Um dos slides divulgados por Edward Snowden. Pode-se observar a data de adesão de cada empresa ao projeto PRISM. (Fonte: “The Washington Post”)

O presidente do Google, Larry Page, postou uma nota oficial no blog da empresa. Para uma corporação cujo nome inclui-se em um documento legítimo do governo dos EUA, a resposta é, de fato, intrigante:

Primeiro, nós não entramos em nenhum programa que daria ao governo dos Estados Unidos – nem a nenhum outro governo – acesso direto aos nossos servidores. Sem dúvida, o governo dos EUA não tem acesso direto ou uma “porta dos fundos” para as informações guardadas em nossos servidores. Nós não tínhamos ouvido falar em um programa chamado PRISM até ontem.

Em segundo lugar, nós fornecemos dados a governos apenas quando isso está de acordo com as leis. Nossa equipe jurídica revisa todos os pedidos, e frequentemente os nega quando eles são muito amplos ou não seguem o protocolo correto. Relatos na imprensa que sugerem que o Google está dando acesso aos dados dos nossos usuários são falsos, ponto final. Até as reportagens desta semana, nós nunca tínhamos ouvido falar em um pedido amplo como o que a Verizon recebeu – uma ordem que parece ter exigido que eles fornecessem dados de ligações de milhões de usuários. Nós estamos muito surpresos ao saber que uma coisa assim existe. Qualquer sugestão de que o Google está fornecendo informações sobre as atividades na internet dos nossos usuários nessa escala é completamente falsa.
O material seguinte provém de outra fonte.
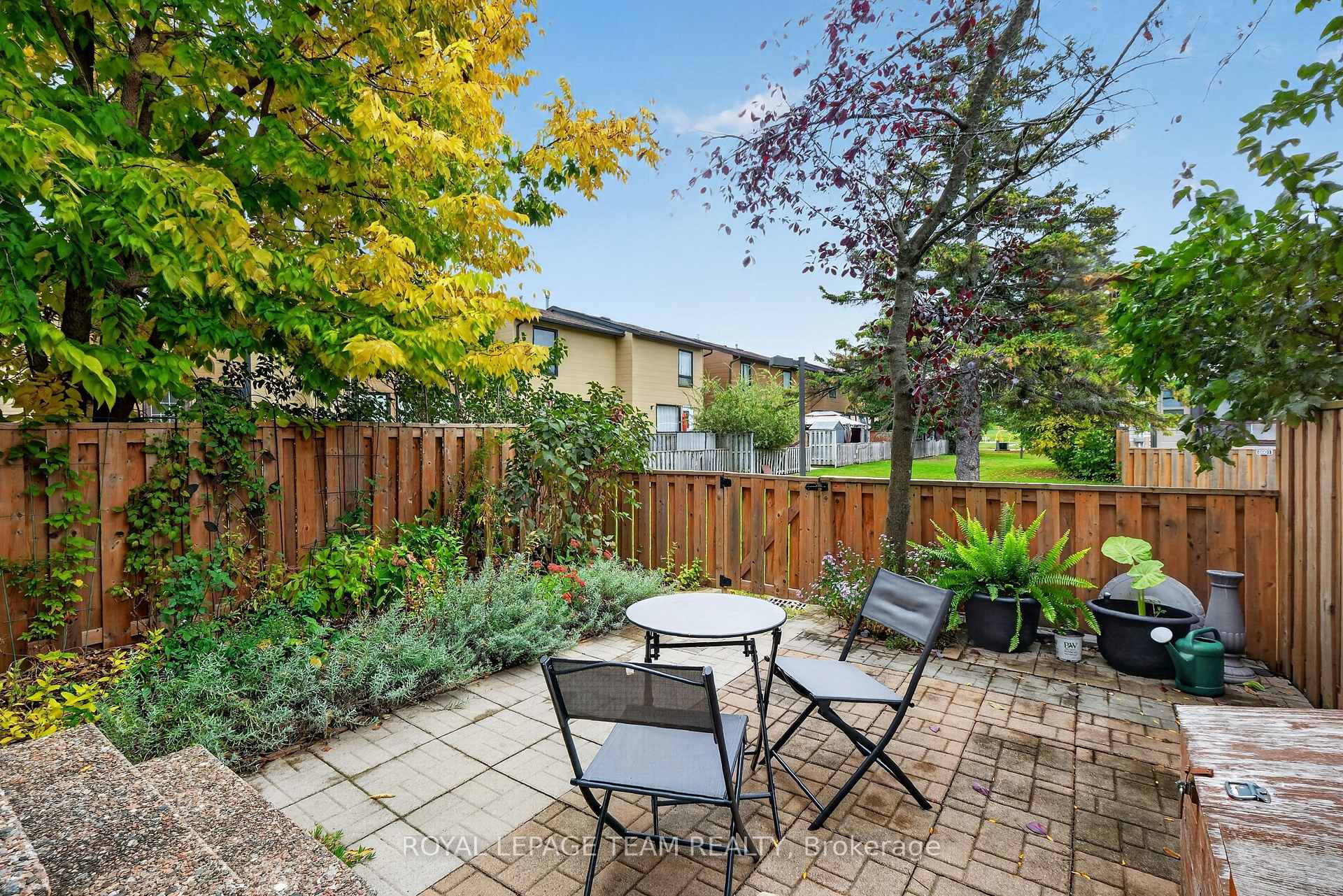 Photo 46 of 7866 Jeanne D'arc Boulevard, Ottawa, Convent Glen North — HOMEH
O monitoramento secreto de redes sociais não é algo novo, mas, desta vez, parece que o aspecto amplo dessa atividade é o causador de repúdio coletivo. Os protestos contra a atitude do Estado americano não são exclusivas aos EUA. Na verdade, também ocorreram repercussões na Europa e na Ásia. Pessoas na China, na Alemanha e na Itália já expressaram suas visões sobre o desrespeito dos direitos individuais. A maioria das manifestações criticaram o fato de que inúmeros cidadãos pacíficos, sem ficha criminal, estão sendo espionados.

As autoridades dizem que o tribunal responsável pelos casos de ameaças estrangeiras não é o suficiente para permitir o trabalho policial. Elas afirmam que se leva muito tempo para pedir e conseguir mandados judiciais, o que prejudica o andamento das operações sendo efetuadas. Além disso, deve-se lembrar que, muitas vezes, os juízes rejeitam solicitações de grande abrangência. Como resultado dessa política, a comunidade de inteligência tentou driblar as normas constitucionais e encontrar um outro caminho para realizar as tarefas necessárias.

Esse é um grande retrocesso para a conquista dos direitos de liberdade nos EUA. Francis Bacon, filósofo inglês, afirmara no século XVI: “Conhecimento é poder”. Cinquenta e sete anos depois, Thomas Hobbes iria utilizar a mesma frase em sua obra-prima, O Leviatã. Sem dúvida, toda informação obtida pela ASN constitui um dilema, pois permite que a agência tenha controle inimaginável sobre as vidas de americanos. Embora a vigilância seja essencial para a segurança do país, ela deve ser feita de forma individual. A atividade de monitoramento de grandes grupos de pessoas não está de acordo com a lei dos Estados Unidos. A questão que resta é: Barack Obama e seus assessores conseguem obedecer à Constituição que eles juraram respeitar?